Exactly and only the lines from the first entry through the line with "Motor And Ice" should be copied, both ends included, with no pictures.

Brief descriptive captions
--------------------

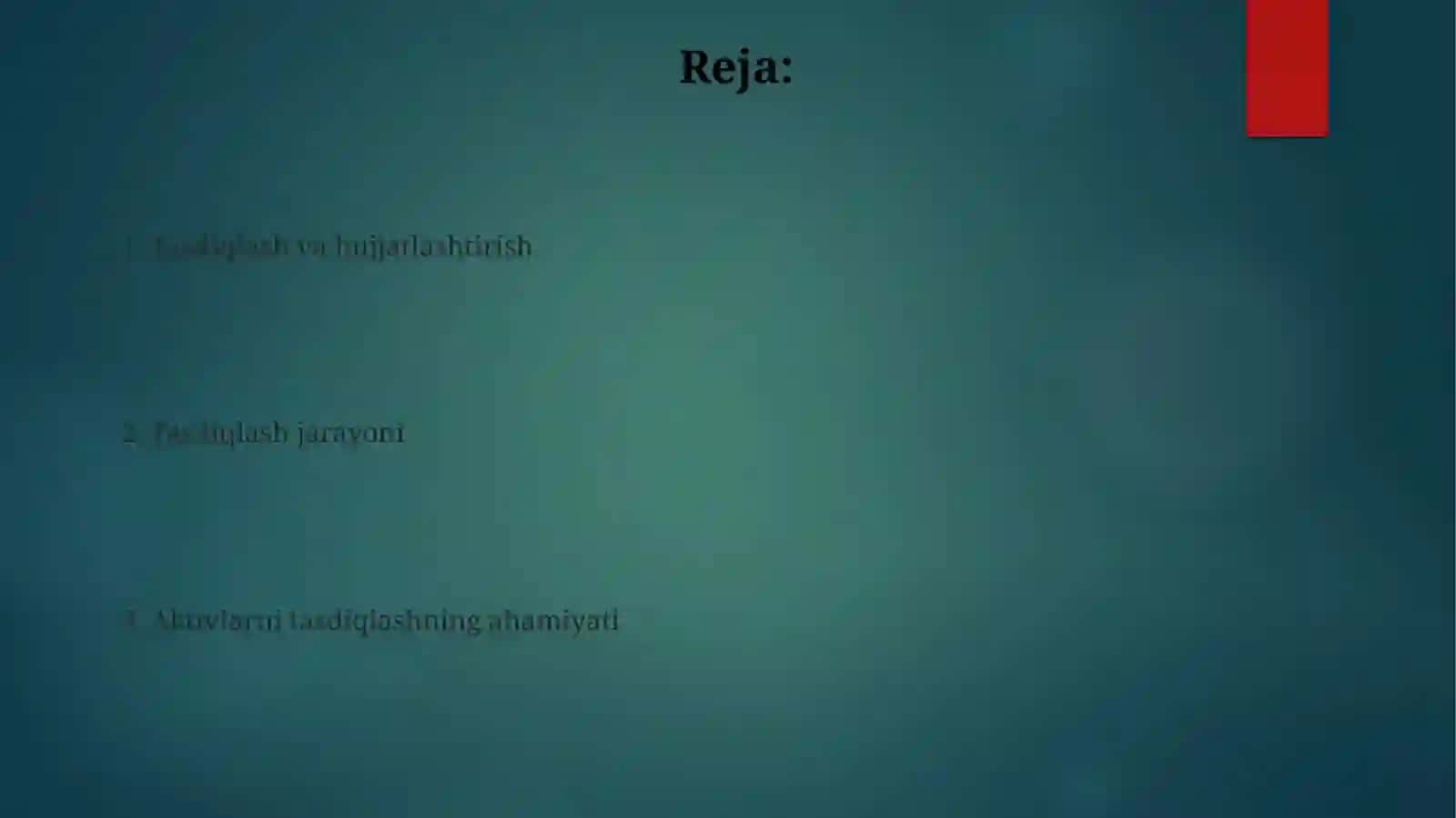 Asosiy vositalarni tasdiqlashtôğrisida 2
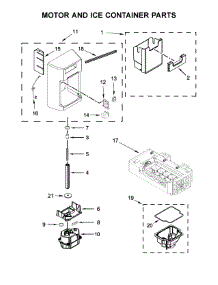 Motor And Ice Container Parts parts for Maytag Side-By-Side Refrigerator MSS26C6MFZ01 from AppliancePartsPros.com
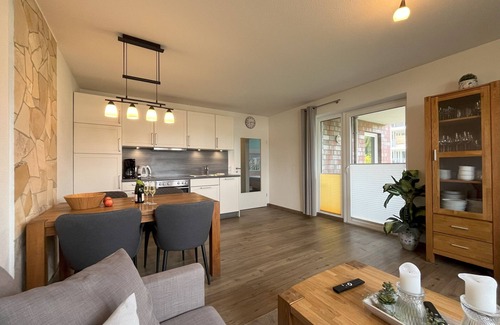 Duhnen Appartement | Apartment 'Kleine Auszeit - Hohe Lith' with Private Terrace, Balcony and Wi-Fi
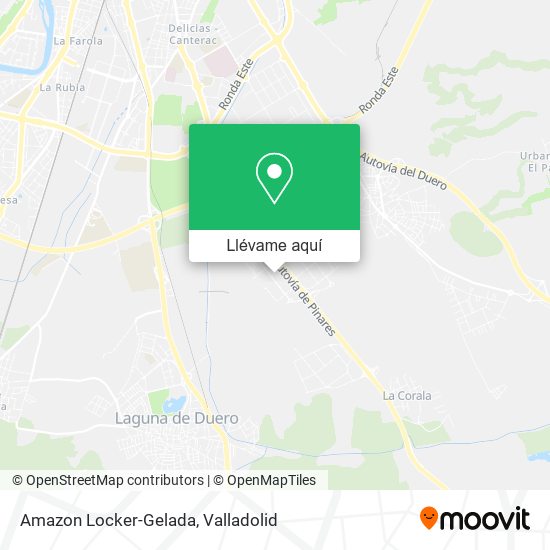 Mapa Amazon Locker-Gelada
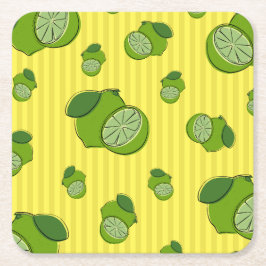 Limes Illustration Rechteckiger Pappuntersetzer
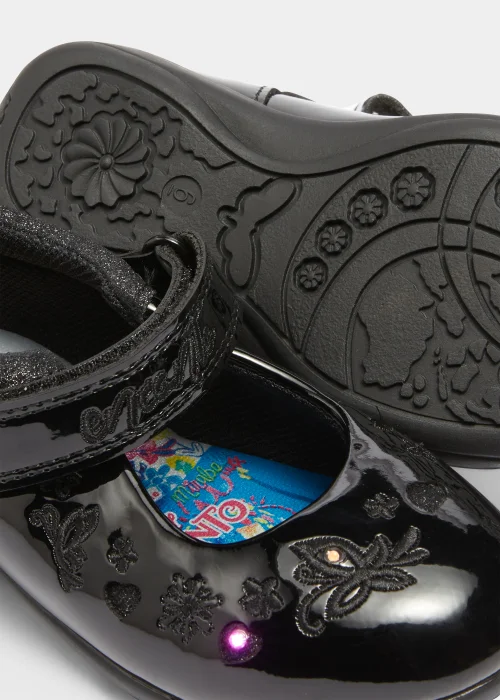 Kids Black Patent Disney Encanto Light Up School Shoes (Younger 6-12) - 6 Infant Image 2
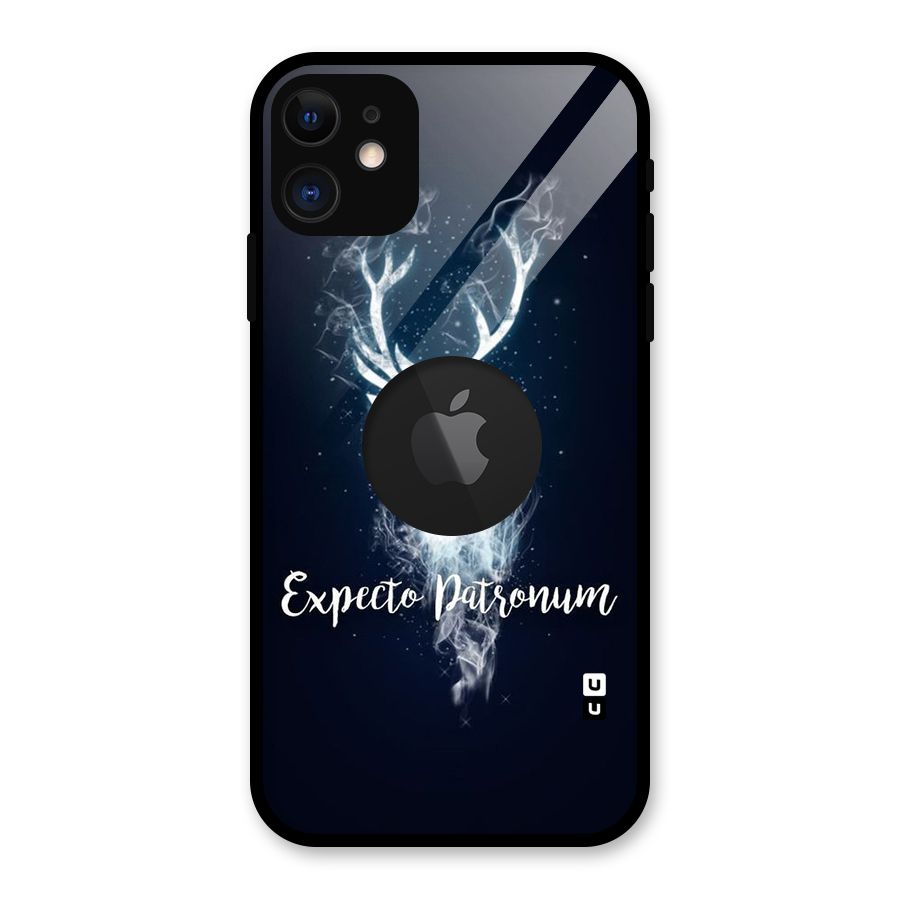 Expected Wish Glass Back Case for iPhone 11 Logo Cut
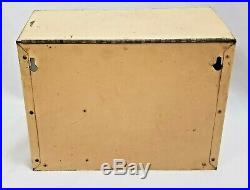 Vintage Bowes Seal Fast Metal Cabinet Sign Tube & Tire Repair Display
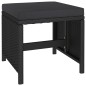 vidaXL Set comedor de jardín 6 piezas y cojines ratán sintético negro vidaXL Set comedor de jardín 6 piezas y cojines ratán sintético negro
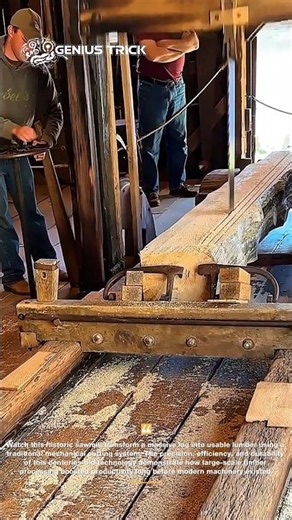 Ancient Sawmill Still Wins #Woodworking #Sawmill #Satisfying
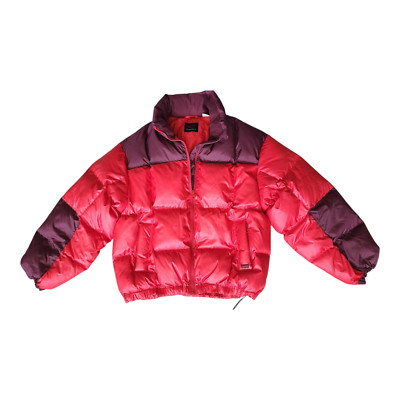 Levi's Womens Delaney Puffer Red Jacket Coat Size S Water Repellent Sample Model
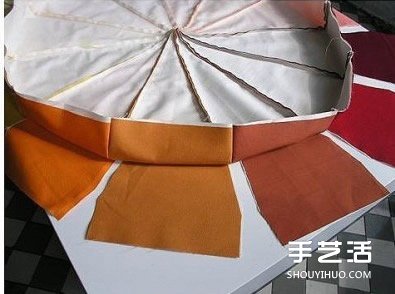 自制南瓜坐垫的方法 南瓜坐垫布艺手工制作 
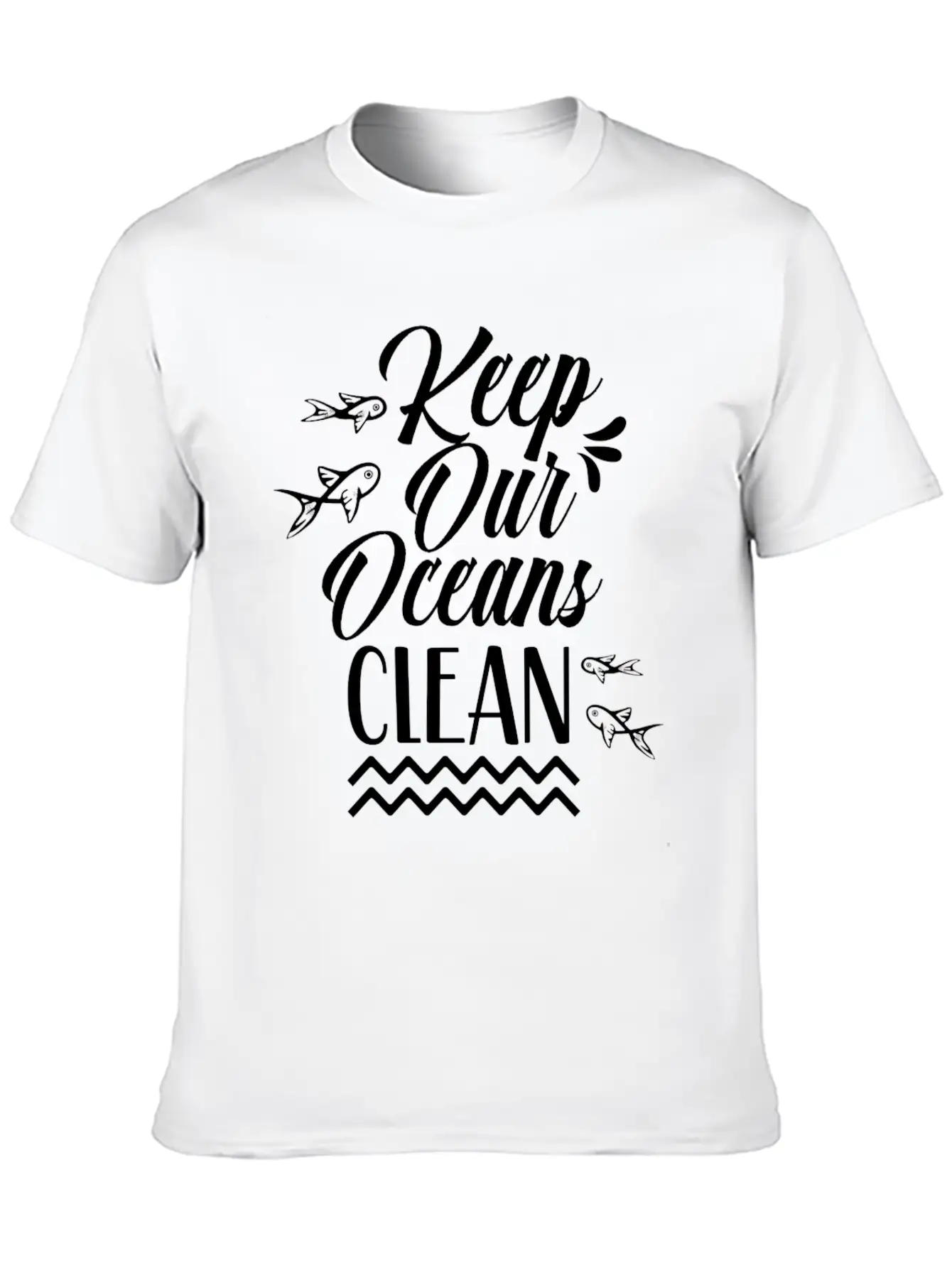 Keep Our Oceans Clean Save Sea Ocean Protection Unisex Casual T-Shirt – Clean Design For Daily Comfort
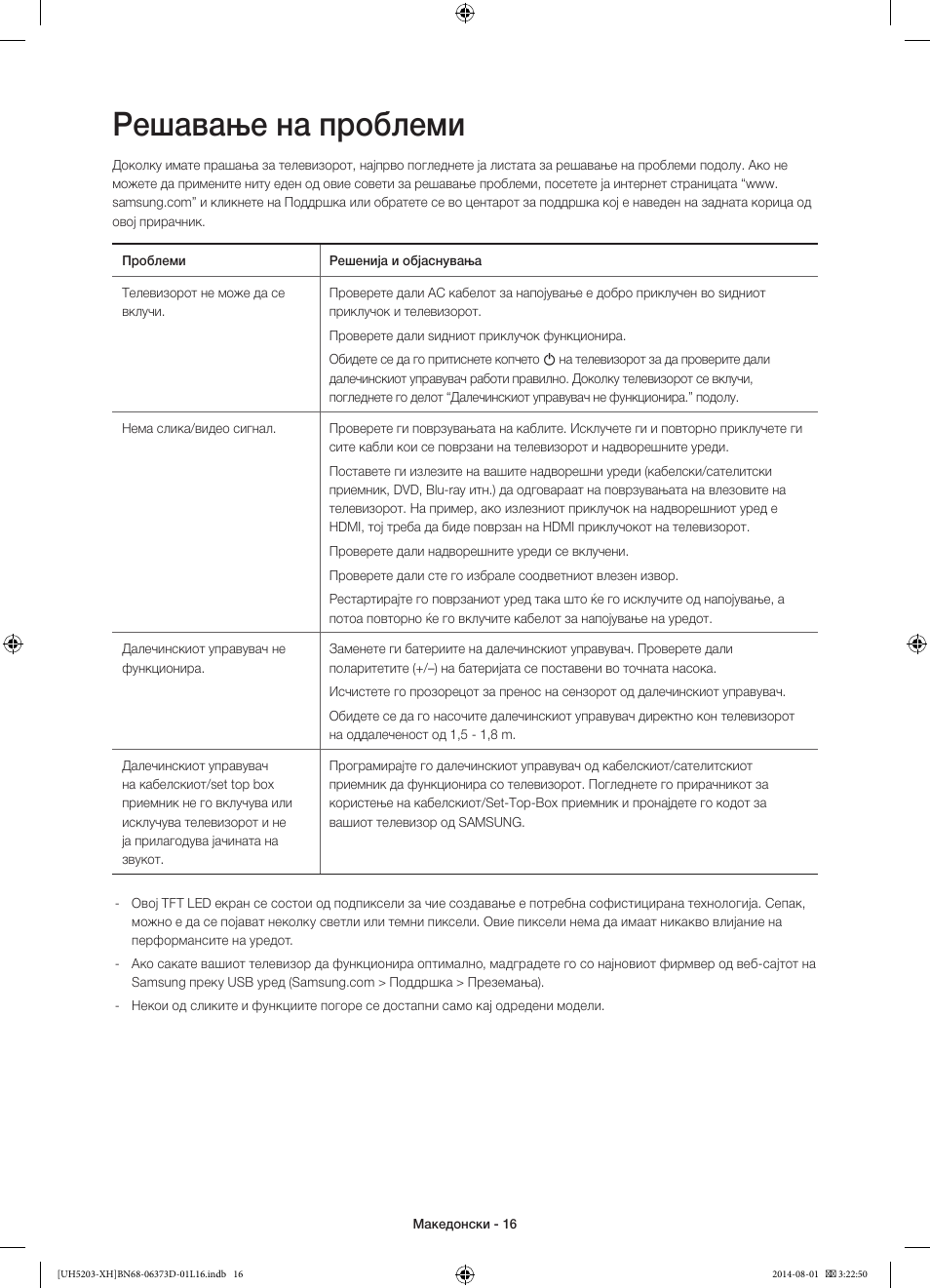 Решавање на проблеми | Samsung UE58H5203AW User Manual | Page 236 / 321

--------------------

### RESULT OF THIS TASK:
 Asosiy vositalarni tasdiqlashtôğrisida 2
 Motor And Ice Container Parts parts for Maytag Side-By-Side Refrigerator MSS26C6MFZ01 from AppliancePartsPros.com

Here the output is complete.